With the celebrations for the St. Louis Cardinals' World Series triumph barely concluded, there is already news likely to devastate Redbirds fans. And, no, Albert Pujols has not signed a contract with the rival Chicago Cubs.
But the news breaking on Monday morning might be runner up to such an announcement as far as it impacts the immediate future of the franchise. Longtime Cardinals manager Tony La Russa is retiring.
"There isn't one [factor] that dominates [my decision]," La Russa said during a press conference at Busch Stadium on Monday morning. "They all just come together telling you your time is over."

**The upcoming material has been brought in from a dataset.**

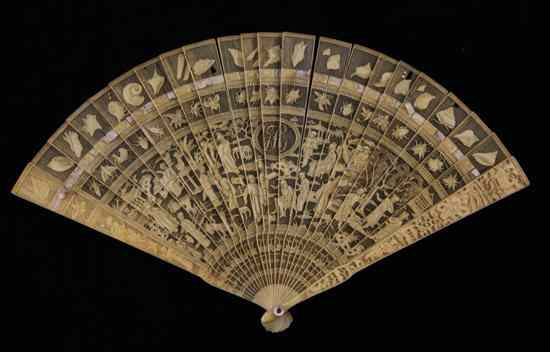 Appraisal: A Chinese export ivory brise fan mid th century carved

"I'm looking forward to what's ahead," added La Russa, who informed the Cardinals' front office in August that he'd be stepping down at the conclusion of the season. "I'm ready to do something different."
La Russa, 67, ends his managerial career with a record of 2,728-2,365 over 33 seasons and three World Series titles. He was just 35 wins away from passing John McGraw for second place on the all-time list. Having won the 1989 World Series with the Oakland Athletics, La Russa joins Sparky Anderson as one of the two managers to win a world championship in the American and National leagues. He is the only skipper to helm multiple pennant winners in each circuit.
At his farewell announcement, La Russa insisted that he has no plans to manage again but left the door open to working in baseball in some capacity.
Both La Russa and the Cardinals held a mutual contract option for the 2012 season. Not surprisingly, Cardinals general manager John Mozeliak was hoping to exercise that option. On Sunday, the team announced that it had chosen to pick up an option on catcher Yadier Molina.
Of course, it is not Molina's contract status that Cardinals fans -- and likely Cardinals management -- is most concerned with as the team enters the offseason. Before La Russa's announcement, it was anticipated that the fate of Pujols would be the most dramatic storyline of the offseason. During the team's victory parade through St. Louis on Sunday, fans pleaded with Pujols to re-sign with the Cardinals as a free agent. Perhaps, they should have also been asking for the team's manager to come back.
If La Russa's retirement is the prelude to Pujols' departure then surely the 2011 World Series will be viewed as the end of particularly fruitful era in the storied history of the Cardinals. Since being appointed manager in 1996, La Russa led the Cardinals to nine postseason berths, three pennants and two world championships.